■ Work required
Give again the entries below exactly, beginning at the first line and ending at the line with "Fahri Yardim Dogs".

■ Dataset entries
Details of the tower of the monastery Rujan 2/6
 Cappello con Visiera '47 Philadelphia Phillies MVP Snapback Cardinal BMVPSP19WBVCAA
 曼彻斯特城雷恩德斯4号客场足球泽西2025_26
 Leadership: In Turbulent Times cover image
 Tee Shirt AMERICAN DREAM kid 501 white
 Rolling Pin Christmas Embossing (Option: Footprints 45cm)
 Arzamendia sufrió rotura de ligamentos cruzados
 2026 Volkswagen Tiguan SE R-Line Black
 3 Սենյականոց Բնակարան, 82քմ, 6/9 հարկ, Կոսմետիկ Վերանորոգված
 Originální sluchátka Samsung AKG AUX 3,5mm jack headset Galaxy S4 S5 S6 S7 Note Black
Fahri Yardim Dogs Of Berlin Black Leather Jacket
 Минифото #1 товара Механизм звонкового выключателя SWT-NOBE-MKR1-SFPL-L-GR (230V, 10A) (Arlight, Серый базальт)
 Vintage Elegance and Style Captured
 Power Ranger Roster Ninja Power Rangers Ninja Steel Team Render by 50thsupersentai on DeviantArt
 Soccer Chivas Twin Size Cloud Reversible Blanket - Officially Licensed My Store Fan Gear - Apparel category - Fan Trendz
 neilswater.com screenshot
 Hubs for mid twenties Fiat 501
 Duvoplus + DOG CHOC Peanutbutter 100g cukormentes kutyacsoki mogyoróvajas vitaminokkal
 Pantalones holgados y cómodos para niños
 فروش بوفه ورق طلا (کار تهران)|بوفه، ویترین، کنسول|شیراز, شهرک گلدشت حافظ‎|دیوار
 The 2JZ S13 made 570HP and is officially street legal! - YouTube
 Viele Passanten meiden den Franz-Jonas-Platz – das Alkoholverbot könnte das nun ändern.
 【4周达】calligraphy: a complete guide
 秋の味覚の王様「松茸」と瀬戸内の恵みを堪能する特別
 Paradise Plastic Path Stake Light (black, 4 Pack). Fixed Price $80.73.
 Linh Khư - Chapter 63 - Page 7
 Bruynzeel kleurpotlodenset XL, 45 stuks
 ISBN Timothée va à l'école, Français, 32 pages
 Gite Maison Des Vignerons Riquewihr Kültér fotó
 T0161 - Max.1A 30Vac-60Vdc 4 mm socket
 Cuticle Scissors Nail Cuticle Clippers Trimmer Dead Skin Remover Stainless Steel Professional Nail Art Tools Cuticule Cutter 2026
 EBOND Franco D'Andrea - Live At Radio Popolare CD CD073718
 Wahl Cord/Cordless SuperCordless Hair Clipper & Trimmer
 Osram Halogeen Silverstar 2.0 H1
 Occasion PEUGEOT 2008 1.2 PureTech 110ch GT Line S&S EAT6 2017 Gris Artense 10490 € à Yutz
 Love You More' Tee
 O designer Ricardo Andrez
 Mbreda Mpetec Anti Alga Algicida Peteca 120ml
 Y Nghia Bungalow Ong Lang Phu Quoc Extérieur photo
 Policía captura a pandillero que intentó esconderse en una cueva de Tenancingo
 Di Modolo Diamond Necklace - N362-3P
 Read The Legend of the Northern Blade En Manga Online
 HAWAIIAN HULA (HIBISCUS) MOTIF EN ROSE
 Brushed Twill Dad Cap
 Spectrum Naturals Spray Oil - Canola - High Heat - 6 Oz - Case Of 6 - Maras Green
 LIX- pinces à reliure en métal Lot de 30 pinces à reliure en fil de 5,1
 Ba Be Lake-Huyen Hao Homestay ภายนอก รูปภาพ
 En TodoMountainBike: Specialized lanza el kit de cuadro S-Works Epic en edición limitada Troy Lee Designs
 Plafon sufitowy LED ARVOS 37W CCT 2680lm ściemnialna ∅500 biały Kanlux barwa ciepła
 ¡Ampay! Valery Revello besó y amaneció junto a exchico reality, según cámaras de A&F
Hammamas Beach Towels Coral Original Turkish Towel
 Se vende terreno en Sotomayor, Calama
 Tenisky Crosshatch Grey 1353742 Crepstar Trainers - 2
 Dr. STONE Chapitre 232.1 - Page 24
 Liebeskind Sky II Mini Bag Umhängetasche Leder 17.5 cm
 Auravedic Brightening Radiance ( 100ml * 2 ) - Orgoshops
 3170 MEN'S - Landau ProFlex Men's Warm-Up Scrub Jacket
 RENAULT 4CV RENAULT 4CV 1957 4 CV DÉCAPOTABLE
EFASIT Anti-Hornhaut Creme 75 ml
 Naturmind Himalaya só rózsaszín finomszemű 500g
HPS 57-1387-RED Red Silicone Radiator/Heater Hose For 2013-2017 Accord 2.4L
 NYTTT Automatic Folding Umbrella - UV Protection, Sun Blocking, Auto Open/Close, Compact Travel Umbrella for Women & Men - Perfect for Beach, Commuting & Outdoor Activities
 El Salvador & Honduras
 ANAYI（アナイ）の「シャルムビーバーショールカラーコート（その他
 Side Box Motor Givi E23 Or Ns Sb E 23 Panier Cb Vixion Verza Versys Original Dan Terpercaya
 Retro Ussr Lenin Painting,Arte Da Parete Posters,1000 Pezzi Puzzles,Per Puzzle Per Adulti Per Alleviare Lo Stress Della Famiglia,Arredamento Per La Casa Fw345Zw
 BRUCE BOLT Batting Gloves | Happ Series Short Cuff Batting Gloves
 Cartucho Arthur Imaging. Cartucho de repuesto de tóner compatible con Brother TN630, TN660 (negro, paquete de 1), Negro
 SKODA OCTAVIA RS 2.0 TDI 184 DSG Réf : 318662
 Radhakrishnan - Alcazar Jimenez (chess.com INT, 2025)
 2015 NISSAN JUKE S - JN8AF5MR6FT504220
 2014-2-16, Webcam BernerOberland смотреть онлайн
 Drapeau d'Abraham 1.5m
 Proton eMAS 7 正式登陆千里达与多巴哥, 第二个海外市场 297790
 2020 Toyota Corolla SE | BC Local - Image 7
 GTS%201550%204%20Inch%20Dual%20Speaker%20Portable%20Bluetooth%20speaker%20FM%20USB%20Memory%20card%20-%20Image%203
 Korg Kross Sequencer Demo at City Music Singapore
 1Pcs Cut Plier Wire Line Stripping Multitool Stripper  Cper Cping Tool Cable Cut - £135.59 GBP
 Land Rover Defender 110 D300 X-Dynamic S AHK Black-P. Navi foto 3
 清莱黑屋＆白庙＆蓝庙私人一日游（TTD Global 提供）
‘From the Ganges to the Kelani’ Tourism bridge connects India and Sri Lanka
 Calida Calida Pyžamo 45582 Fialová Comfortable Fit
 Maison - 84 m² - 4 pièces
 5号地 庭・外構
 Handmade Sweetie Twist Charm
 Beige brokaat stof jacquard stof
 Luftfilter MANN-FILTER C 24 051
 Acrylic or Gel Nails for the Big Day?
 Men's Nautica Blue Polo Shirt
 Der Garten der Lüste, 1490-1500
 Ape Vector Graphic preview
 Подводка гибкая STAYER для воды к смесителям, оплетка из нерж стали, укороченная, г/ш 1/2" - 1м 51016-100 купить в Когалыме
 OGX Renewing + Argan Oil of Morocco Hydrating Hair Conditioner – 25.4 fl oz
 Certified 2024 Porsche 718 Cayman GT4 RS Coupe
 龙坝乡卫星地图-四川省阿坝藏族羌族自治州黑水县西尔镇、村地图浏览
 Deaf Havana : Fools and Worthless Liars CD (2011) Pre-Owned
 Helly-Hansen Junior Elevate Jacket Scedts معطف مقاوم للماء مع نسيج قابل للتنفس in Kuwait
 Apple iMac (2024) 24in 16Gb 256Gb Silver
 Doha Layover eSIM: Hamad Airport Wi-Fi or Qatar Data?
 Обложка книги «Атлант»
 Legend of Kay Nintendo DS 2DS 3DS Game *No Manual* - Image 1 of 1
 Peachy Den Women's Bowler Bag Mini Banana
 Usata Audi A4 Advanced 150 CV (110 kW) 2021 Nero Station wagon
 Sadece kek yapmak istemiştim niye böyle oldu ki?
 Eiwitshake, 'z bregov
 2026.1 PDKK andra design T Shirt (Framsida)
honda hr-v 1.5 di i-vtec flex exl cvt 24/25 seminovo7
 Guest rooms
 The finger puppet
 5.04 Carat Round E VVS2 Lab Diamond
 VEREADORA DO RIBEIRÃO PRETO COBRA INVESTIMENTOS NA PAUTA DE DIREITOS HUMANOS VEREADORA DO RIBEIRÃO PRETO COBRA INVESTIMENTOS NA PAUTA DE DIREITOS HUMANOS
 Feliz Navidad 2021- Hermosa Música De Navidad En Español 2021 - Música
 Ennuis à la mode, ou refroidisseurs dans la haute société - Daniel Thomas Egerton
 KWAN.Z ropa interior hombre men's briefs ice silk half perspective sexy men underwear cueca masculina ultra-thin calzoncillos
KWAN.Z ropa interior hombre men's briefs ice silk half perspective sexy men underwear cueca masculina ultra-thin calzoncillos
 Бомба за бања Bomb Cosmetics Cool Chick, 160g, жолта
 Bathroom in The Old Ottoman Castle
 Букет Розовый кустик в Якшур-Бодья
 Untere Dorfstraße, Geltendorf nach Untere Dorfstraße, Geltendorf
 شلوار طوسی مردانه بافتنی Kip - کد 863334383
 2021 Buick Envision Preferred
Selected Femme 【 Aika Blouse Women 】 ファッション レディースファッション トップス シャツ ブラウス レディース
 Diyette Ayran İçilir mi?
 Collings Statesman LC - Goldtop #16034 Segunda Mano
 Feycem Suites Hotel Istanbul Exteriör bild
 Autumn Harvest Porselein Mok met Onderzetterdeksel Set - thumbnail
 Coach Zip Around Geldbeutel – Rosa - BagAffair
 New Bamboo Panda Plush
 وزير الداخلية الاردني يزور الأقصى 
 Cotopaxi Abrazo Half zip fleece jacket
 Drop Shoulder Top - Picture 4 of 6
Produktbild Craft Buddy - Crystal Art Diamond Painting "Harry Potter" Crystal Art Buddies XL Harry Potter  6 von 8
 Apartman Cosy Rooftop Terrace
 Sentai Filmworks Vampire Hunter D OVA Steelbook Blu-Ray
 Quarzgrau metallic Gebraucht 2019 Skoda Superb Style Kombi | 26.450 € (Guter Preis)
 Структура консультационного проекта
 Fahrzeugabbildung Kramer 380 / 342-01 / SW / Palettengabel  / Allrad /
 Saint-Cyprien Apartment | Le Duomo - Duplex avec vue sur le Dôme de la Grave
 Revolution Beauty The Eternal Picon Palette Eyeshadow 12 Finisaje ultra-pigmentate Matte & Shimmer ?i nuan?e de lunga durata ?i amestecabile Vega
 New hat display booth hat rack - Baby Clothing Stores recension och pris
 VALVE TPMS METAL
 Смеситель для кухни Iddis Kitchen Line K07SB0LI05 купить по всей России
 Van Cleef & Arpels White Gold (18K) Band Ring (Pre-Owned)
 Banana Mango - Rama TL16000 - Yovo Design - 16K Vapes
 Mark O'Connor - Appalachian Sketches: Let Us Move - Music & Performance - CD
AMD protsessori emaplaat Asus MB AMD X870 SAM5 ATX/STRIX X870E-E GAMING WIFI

■ Result of the task
Details of the tower of the monastery Rujan 2/6
 Cappello con Visiera '47 Philadelphia Phillies MVP Snapback Cardinal BMVPSP19WBVCAA
 曼彻斯特城雷恩德斯4号客场足球泽西2025_26
 Leadership: In Turbulent Times cover image
 Tee Shirt AMERICAN DREAM kid 501 white
 Rolling Pin Christmas Embossing (Option: Footprints 45cm)
 Arzamendia sufrió rotura de ligamentos cruzados
 2026 Volkswagen Tiguan SE R-Line Black
 3 Սենյականոց Բնակարան, 82քմ, 6/9 հարկ, Կոսմետիկ Վերանորոգված
 Originální sluchátka Samsung AKG AUX 3,5mm jack headset Galaxy S4 S5 S6 S7 Note Black
Fahri Yardim Dogs Of Berlin Black Leather Jacket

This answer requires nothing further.